Note that the zero-term cancels in the sum. equation (29) is sufficient to determine the potential at all points $r > R$ . The term separated from the series corresponds to the “point charge” contribution and its value outside the axis of symmetry is obtained via the formal correspondence $z \to r$ ; for $r ≫ R$ this term dominates, and effectively we have an electric charge q at the origin. Comparing with equation (11) we have $A_{l} = 0$ , $\forall$ l, and nonzero $B_{l}$ for $l = 0$ and $l = 2 n - 1$ , $n \in ℕ^{*}$ . By introducing the radial coordinate and the Legendre polynomials, the final form of the potential in this region is

(30)

\begin{array}{l} ϕ_{>} (r, θ) = \frac{q}{4 π ε_{0} r} \\ - \frac{q}{4 π ε_{0} R} \sum_{n = 1}^{\infty} \frac{{(- 1)}^{n}}{2^{2 n} (2 n - 1)} \frac{(2 n)!}{{(n!)}^{2}} {(\frac{R}{r})}^{2 n} \\ \times P_{2 n - 1} (\cos θ), \end{array}

$r > R$ . The results of section 3.1 guarantee that this solution is the electrostatic potential for all $r > R$ , including $z < 0$ . This conclusion is not intuitive since there is no parity symmetry, $z \to - z$ , in this example. To leave no doubts for the reader, we will perform the expansion on the negative half-axis $z < 0$ with $| z | > R$ . In this case, Eqs. (28) and Appendix A provide

(31)

\begin{array}{l} ϕ (- | z |) = - \frac{q}{4 π ε_{0} | z |} (\sqrt{1 + \frac{| z |^{2}}{R^{2}}} - 1 - \frac{| z |}{R}), \\ = \frac{q}{4 π ε_{0}} (\frac{1}{| z |} ​ + ​ \frac{1}{R} \sum_{n = 1}^{\infty} \frac{{(- 1)}^{n}}{2^{2 n} (2 n - 1)} \frac{(2 n)!}{{(n!)}^{2}} {(\frac{R}{| z |})}^{2 n}) . \end{array}

As expected the series (28) and (31) are different. On the other hand, in order to extend (31) away from the symmetry axis it is necessary to use the negative sign of equation (11) $(P_{l} (- 1) = {(- 1)}^{l})$ . In this particular problem, only the odd terms are relevant, $l = 2 n - 1$ , $n = 1, 2, \dots$ , so $P_{2 n - 1} (- 1) = - 1$ . Therefore we have to take $| z | \to r$ and $- 1 \to P_{2 n - 1} (\cos θ)$ . This change of sign restores the negative sign in the second term, and following the previous steps we have equation (30) again.
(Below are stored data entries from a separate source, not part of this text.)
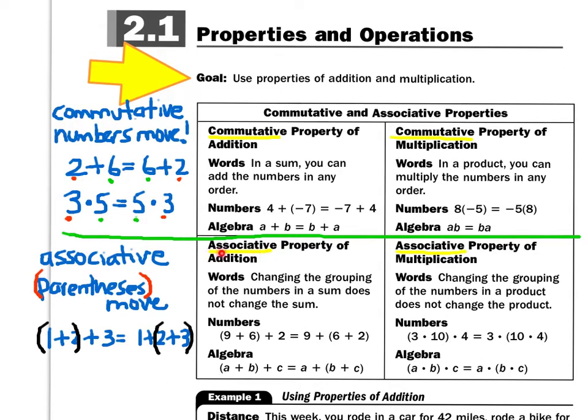Now when we look at the next property — the associative property — that's when the parentheses actually move and the numbers are frozen in their position. For example, 1 plus 2 plus 3 is exactly the same as 1 plus 2 plus 3. Notice how the numbers are in the same order, but look at what moves. On the left-hand side, we add 1 plus 2 first; on the right-hand side, we add 2 plus 3 first. We get the same sum, but the parentheses have moved places.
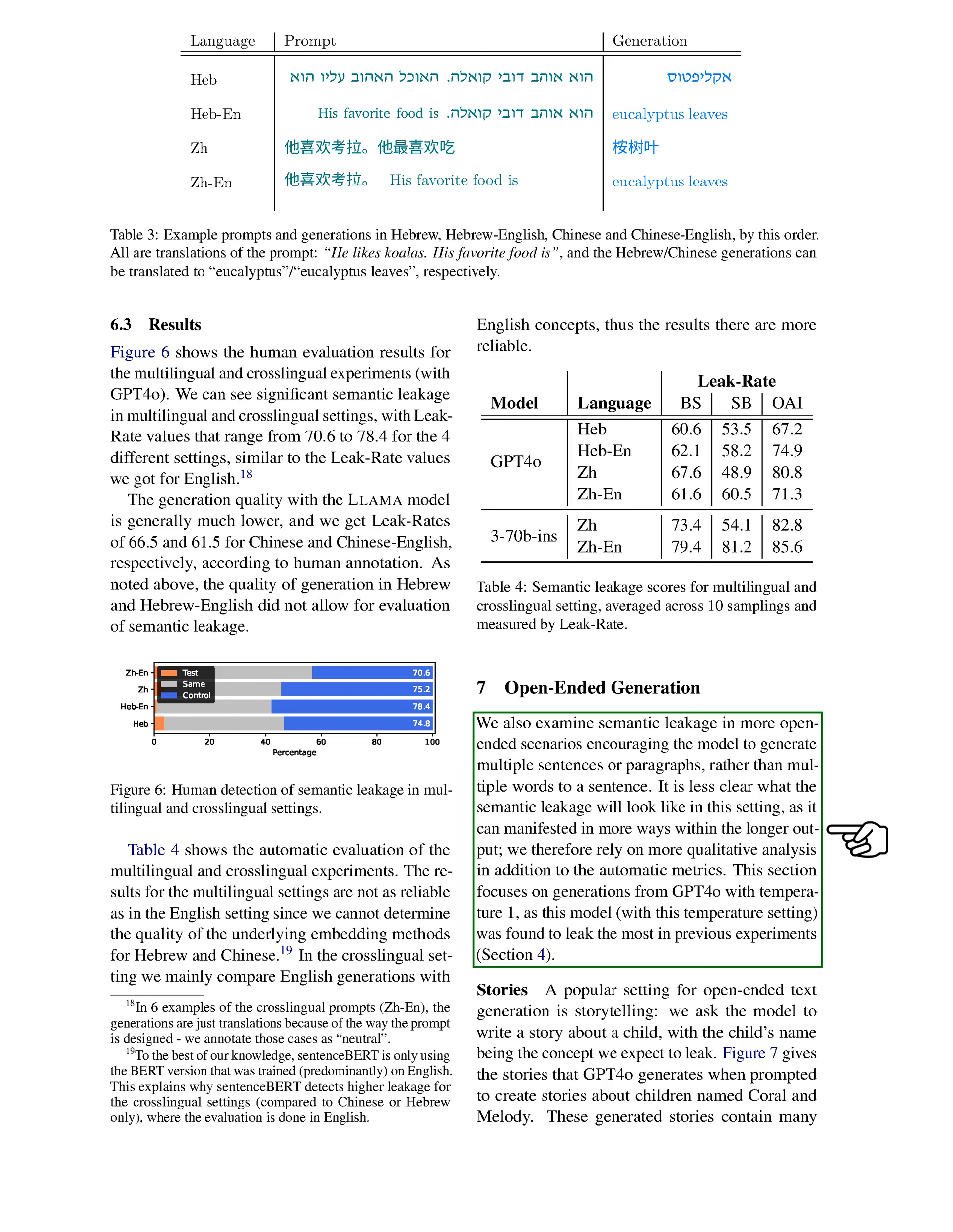Section: Open-ended Generation. In this section, we explore semantic leakage in open-ended generation, where we encourage the model to produce multiple sentences or paragraphs instead of just a few words. The manifestation of semantic leakage in this context is less straightforward, as it can appear in various forms within longer outputs. Therefore, we incorporate qualitative analysis alongside automatic metrics. We focus on outputs from GPT-4-0 with a temperature setting of 1, as this configuration showed the highest leakage in earlier tests.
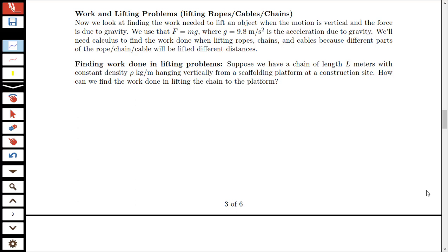In this video, we're going to be looking at the problem of finding the work needed to lift an object when motion is vertical and the force involved is due to gravity. We're going to use force equals mass times acceleration, where g stands for our acceleration due to gravity. So we'll have f equals mg, mass times gravity.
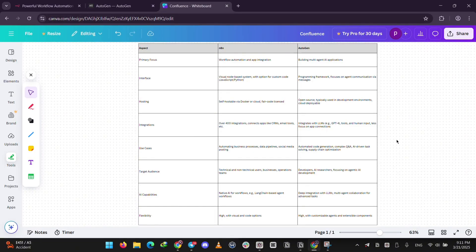So, which one is better for what? If you need to automate routine tasks like linking your CRM to Slack or scheduling posts, NA10 is your pick. It's easy, visual, and great for business or personal workflows.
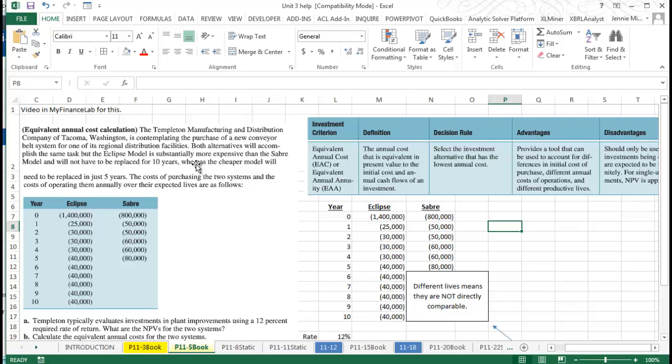We're going to purchase a new conveyor belt. The Eclipse model is more expensive but we don't have to replace it for 10 years, whereas if we go with the Sabre model we know we're going to have to do something five years from now.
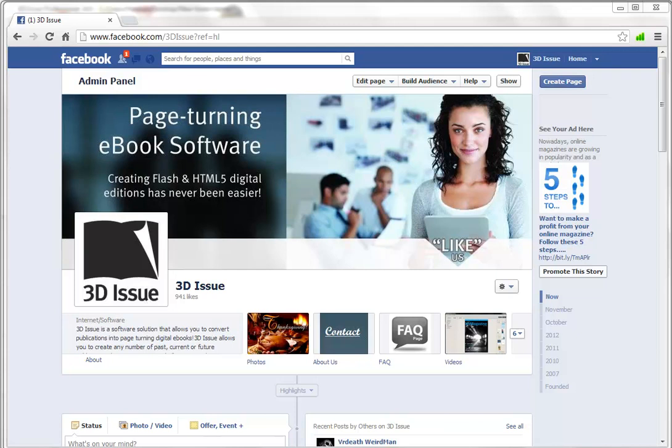Hi and welcome to this video tutorial. Here we are going to look at how to add your Facebook app so you can allow your readers to view your digital publication magazine from within your Facebook page.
In the region $r \leq R$ the expansion of equation (28) must be done in powers of z. Assuming z positive and again with the help of equation 5 (Appendix A) we have

(32)

\begin{array}{l} ϕ (z) = \frac{q}{4 π ε_{0} z} (\sqrt{1 + \frac{z^{2}}{R^{2}}} - | 1 - \frac{z}{R} |) \\ = \frac{q}{4 π ε_{0} z} (\sqrt{1 + \frac{z^{2}}{R^{2}}} - 1 + \frac{z}{R}), \\ = \frac{q}{4 π ε_{0} R} (1 - \sum_{n = 1}^{\infty} \frac{{(- 1)}^{n}}{2^{2 n} (2 n - 1)} \frac{(2 n)!}{{(n!)}^{2}} {(\frac{z}{R})}^{2 n - 1}) ​ ​ . \end{array}

In comparison with equation (11) we have $B_{l} = 0$ , $\forall$ l, and $A_{l} \neq 0$ for $l = 0$ and $l = 2 n - 1$ , $n \in ℕ^{*}$ . Introducing the Legendre polynomials we have the solution

(33)

\begin{array}{r} ϕ_{<} (r, θ) = \frac{q}{4 π ε_{0} R} (1 - \sum_{n = 1}^{\infty} \frac{{(- 1)}^{n}}{2^{2 n} (2 n - 1)} \frac{(2 n)!}{{(n!)}^{2}} \times \\ {(\frac{r}{R})}^{2 n - 1} ​ ​ P_{2 n - 1} (\cos θ)), \end{array}

valid for all points $r < R$ . Through direct calculation, it is possible to see that the expansion in the negative semi-axis provides the same result. The potential is continuous (as it should be) along the sphere of radius R,

\begin{array}{l} ϕ_{<} (R, θ) = ϕ_{>} (R, θ) \\ = \frac{q}{4 π ε_{0} R} (1 - \sum_{n = 1}^{\infty} \frac{{(- 1)}^{n}}{2^{2 n} (2 n - 1)} \frac{(2 n)!}{{(n!)}^{2}} P_{2 n - 1} (\cos θ)) . \end{array}

We can interpret this result as a boundary condition on the closed surface $r = R$ . As a consequence, the regions $r < R$ and $r > R$ are connected by the inversion method. It is easy to verify that

(34)

ϕ_{>} (r, θ) = \frac{R}{r} ϕ_{<} (\frac{R^{2}}{r}, θ) .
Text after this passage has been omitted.